Jogadores que tiveram parentes mortos, estádios bombardeados e campeonato parado: o futebol palestino, cuja seleção se prepara para disputar a Copa da Ásia, pagam um preço alto na guerra em Gaza, na qual milhares de pessoas morreram.

Faltando menos de duas semanas para a competição continental no Catar (de 12 de janeiro a 10 de fevereiro), a seleção palestina não está preocupada com o futebol.

“Todos acompanham as notícias antes e depois dos treinos, no ônibus para o hotel há um sentimento constante de ansiedade e pensamentos sobre suas famílias”, confessa à AFP o treinador e ex-jogador tunisiano Makram Daboub, contactado por telefone.

Sua equipe, que disputará pela terceira vez a Copa da Ásia, chegará a Doha na terça-feira, (9), para uma última preparação antes do início da competição.

“Os torcedores palestinos contam com a seleção para obter bons resultados nesta terceira participação e apesar das difíceis condições que o nosso povo atravessa devido à agressão israelense, que levou à paralisação das competições”, escreveu a agência oficial da Autoridade Palestina.

“Tivemos problemas físicos, técnicos e táticos devido à suspensão do campeonato e à falta de competição, sem falar do aspecto mental”, completa Daboub.

– “Hastear a bandeira palestina” –

Os campeonatos da Cisjordânia e da Faixa de Gaza estão suspensos desde 7 de outubro e o início da guerra desencadeada por um ataque do Hamas em solo israelense que causou 1.140 mortes, a maioria civis, segundo números publicados pelas autoridades de Israel.

Em retaliação, o exército israelense tem bombardeado a Faixa de Gaza, onde morreram quase 22 mil pessoas, a maioria mulheres, crianças e adolescentes, segundo o último balanço do Ministério da Saúde do governo do Hamas.

Na seleção nacional, “muitos jogadores estão sofrendo, posso citar entre eles Mahmud Wadi e Muhamad Saleh. São profissionais no Egito, mas as suas famílias estão em Gaza e suas casas foram destruídas. Alguns de seus familiares morreram e outros tiveram que fugir para o sul da Faixa de Gaza. Eles vivem em condições difíceis”, garante o ex-jogador tunisiano.

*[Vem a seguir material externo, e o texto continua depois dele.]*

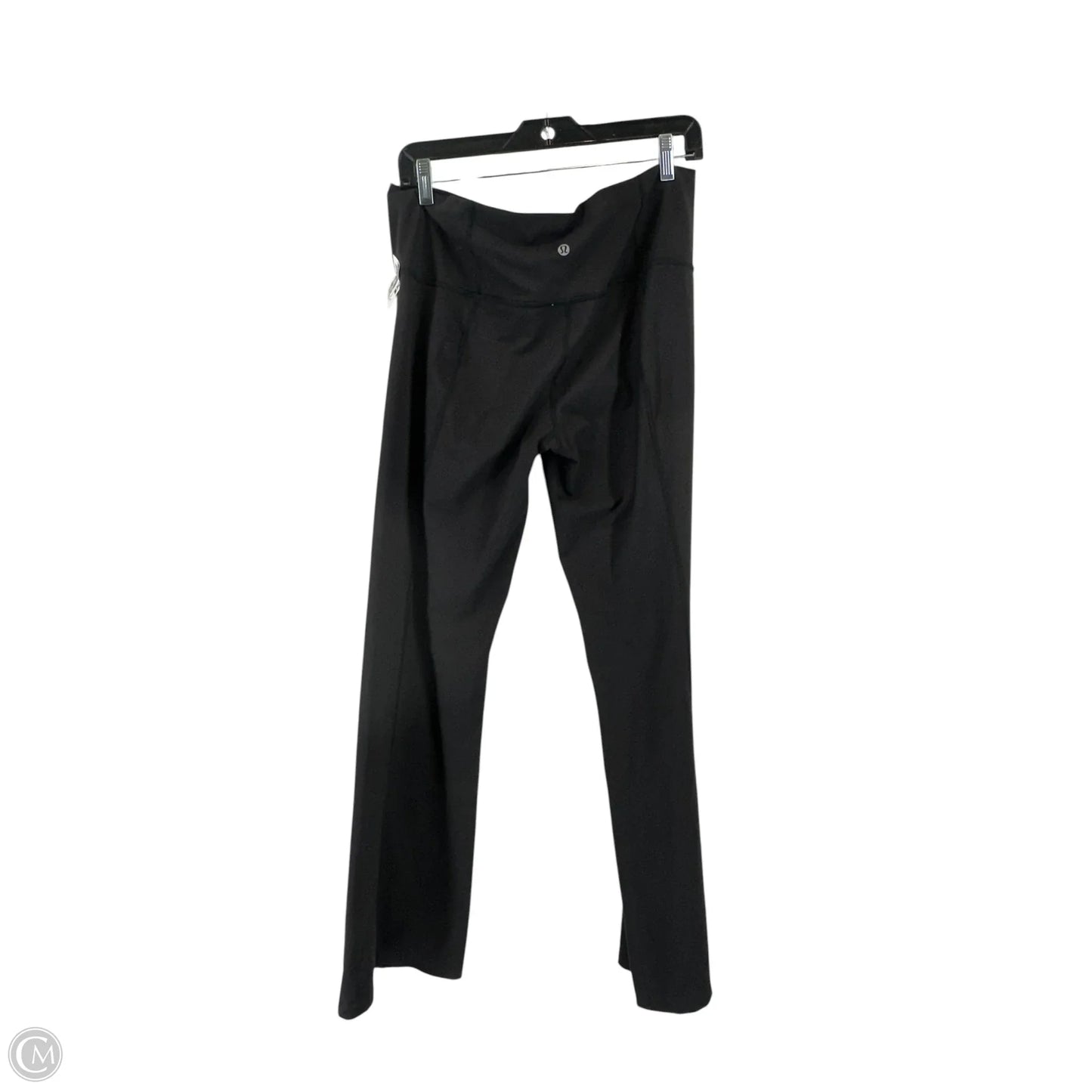 Athletic Leggings By Lululemon In Black, Size: Xl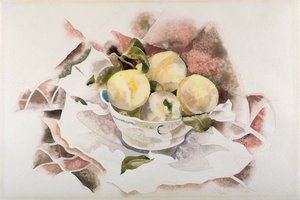 Nature morte, pêches, vers 1922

“Nosso objetivo é nos classificarmos para as fases eliminatórias da Copa da Ásia e mostrarmos um rosto que honre o futebol palestino”, disse Makram Dabub.

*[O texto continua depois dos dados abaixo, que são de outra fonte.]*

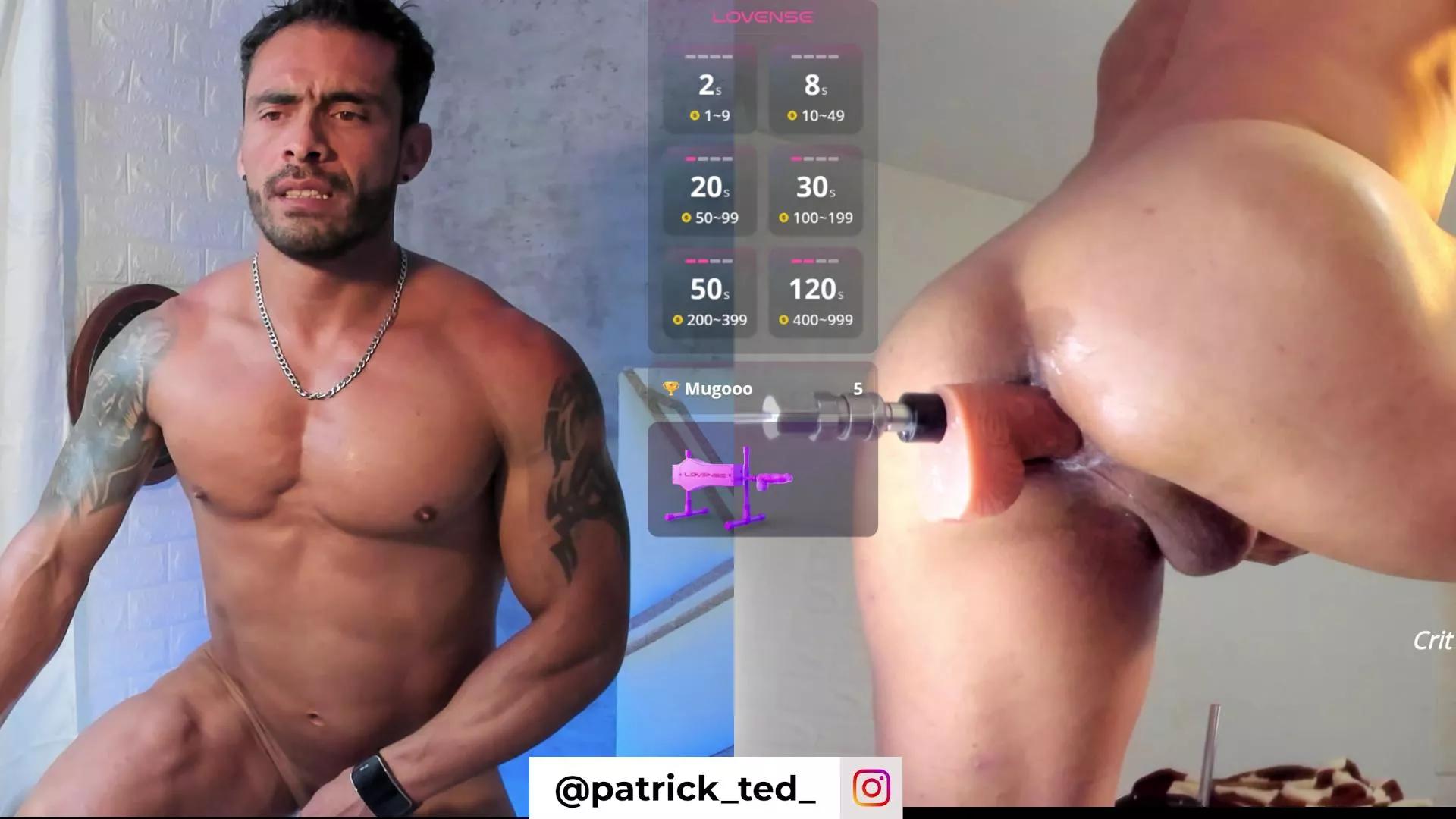 PatrickTed on Cam4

“Hastear a bandeira palestina em fóruns internacionais ou em competições continentais é uma afirmação da identidade palestina e do fato de que no solo da Palestina existe um povo que merece liberdade e uma vida melhor”, afirma o treinador.

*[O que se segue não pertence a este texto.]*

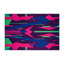 Tapis intérieur et extérieur Circuit Bloom-107731450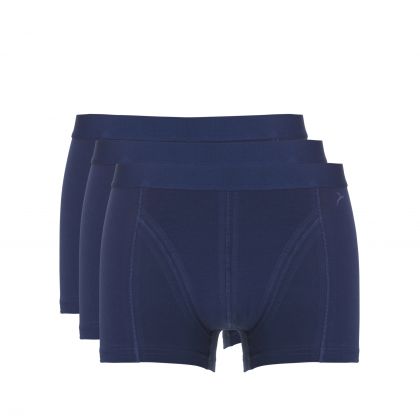 Ten Cate Men Basic Shorty 3 pack (-) blauw Xl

Em Gaza, as operações militares israelenses colocaram “a juventude e o esporte de joelhos”, denuncia à AFP o presidente da Federação Palestina de Futebol, Jibril Rajoub.

– Estádio de Gaza ocupado –

“Até agora, mais de mil pessoas foram assassinadas entre membros das organizações da juventude, do esporte e do escotismo”, lamenta Rajoub, também patrono do Comitê Olímpico Palestino.

“A ocupação israelense tem como alvo instalações esportivas e sedes das federações. Vimos imagens horríveis durante a invasão do estádio Yarmouk, na Faixa de Gaza, que foi transformado num centro de detenção, de abusos e interrogatórios do nosso povo, uma violação flagrante da Carta Olímpica”, acrescenta este membro histórico do Fatah, o partido do presidente da Autoridade Palestiniana, Mahmud Abbas.

Jibril Rajoub se refere às imagens de um fotógrafo israelense que mostram palestinos, incluindo crianças, despidos no campo do estádio de Gaza.

Segundo os militares israelenses, eles eram suspeitos de envolvimento em “atividades terroristas”.

“Este estádio, com 9.000 assentos, é um dos mais antigos da Palestina, pois foi construído em 1938 e foi equipado para atender às exigências internacionais e o estabelecimento não escapa ao que os territórios palestinos vêm sofrendo”, afirma Rajoub.

A Federação Palestina de Futebol anunciou que enviou uma carta ao Comitê Olímpico Internacional (COI) e à Federação Internacional de Futebol (Fifa) para “confirmar a destruição da infraestrutura” e exigir “uma investigação internacional urgente sobre os crimes de ocupação contra os atletas na Palestina”.